Vol. 6, No. 1 (January 12, 2010)
The opinions and materials contained herein do not necessarily represent the views or policies of the Government of Japan.

In this issue

1. New Year's Press Conference by Prime Minister Yukio Hatoyama

2. New Year's Message from the Ambassador

3. New Year's Day Editorials Discuss Prospects for 2010

4. Japanese Government Aims for 3% Annual Growth up to FY 2020

5. Japanese Astronaut Heads to Space Station Aboard Russian Soyuz

 

 

New Year's Press Conference by Prime Minister Yukio Hatoyama

Prime Minister Hatoyama
Prime Minister Yukio Hatoyama (Cabinet Public Relations Office photo)

-Hatoyama Cabinet
January 4 , 2010

Opening Remarks by Prime Minister Yukio Hatoyama

Happy New Year to all of you. First, let me express my hope that 2010 will prove to be a wonderful year for you all.

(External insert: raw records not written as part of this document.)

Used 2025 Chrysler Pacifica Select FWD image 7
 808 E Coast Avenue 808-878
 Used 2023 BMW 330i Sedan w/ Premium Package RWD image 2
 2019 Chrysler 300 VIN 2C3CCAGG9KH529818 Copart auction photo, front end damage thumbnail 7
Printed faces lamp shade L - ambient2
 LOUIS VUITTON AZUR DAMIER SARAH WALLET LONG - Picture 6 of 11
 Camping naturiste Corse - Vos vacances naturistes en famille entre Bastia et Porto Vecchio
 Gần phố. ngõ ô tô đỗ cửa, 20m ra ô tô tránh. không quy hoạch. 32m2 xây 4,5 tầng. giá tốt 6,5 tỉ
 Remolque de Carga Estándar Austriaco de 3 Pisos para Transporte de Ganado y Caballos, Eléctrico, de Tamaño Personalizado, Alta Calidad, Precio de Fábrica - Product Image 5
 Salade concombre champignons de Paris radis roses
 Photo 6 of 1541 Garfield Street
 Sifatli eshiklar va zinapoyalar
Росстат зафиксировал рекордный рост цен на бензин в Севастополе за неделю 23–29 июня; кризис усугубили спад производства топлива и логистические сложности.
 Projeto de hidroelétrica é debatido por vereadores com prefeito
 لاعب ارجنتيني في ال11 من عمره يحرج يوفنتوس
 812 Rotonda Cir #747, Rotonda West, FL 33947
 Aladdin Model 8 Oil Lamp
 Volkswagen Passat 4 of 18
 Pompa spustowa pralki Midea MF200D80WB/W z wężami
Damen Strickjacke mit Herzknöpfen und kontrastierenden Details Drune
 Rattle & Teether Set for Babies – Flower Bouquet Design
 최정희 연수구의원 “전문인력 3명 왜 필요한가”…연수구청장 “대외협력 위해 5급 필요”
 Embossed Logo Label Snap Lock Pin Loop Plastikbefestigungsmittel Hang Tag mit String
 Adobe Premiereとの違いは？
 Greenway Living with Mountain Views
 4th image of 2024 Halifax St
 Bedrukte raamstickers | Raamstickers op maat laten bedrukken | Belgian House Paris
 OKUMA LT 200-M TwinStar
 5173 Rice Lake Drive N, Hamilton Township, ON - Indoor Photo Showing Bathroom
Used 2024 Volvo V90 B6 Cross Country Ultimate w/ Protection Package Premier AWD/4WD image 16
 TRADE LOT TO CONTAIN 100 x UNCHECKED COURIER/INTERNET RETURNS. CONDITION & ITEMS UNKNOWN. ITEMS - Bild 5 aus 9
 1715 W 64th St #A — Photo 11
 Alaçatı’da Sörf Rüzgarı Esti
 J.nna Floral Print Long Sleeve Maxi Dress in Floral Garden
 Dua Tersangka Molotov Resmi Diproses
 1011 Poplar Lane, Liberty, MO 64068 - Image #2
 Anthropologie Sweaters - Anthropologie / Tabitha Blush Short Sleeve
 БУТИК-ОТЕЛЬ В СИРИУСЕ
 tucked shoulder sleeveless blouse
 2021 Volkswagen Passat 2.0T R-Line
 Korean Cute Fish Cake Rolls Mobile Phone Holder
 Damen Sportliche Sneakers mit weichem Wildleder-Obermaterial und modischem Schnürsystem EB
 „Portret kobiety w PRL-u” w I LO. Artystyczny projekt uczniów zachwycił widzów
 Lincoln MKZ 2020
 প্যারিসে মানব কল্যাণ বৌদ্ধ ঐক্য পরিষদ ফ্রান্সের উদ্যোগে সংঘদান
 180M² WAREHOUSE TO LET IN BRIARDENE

Last year, the Japanese people brought about a once- in-a-century change of government. We regard this not as an end, but as a beginning. In place of a politics in which everything is left to bureaucrats, we intend to introduce a new kind of politics in which the people are the protagonists. Thanks to your support, we were able to bring about a change of government in order to implement such bold reforms on a once-in-a-century scale. Now we begin this task in earnest. More than a hundred days have passed since the change of government. I suspect there is much to be desired [concerning the current one]. We have been going through trial and error and have faced a number of difficulties. I believe, however, that the public senses that politics has begun to change.

As Prime Minister...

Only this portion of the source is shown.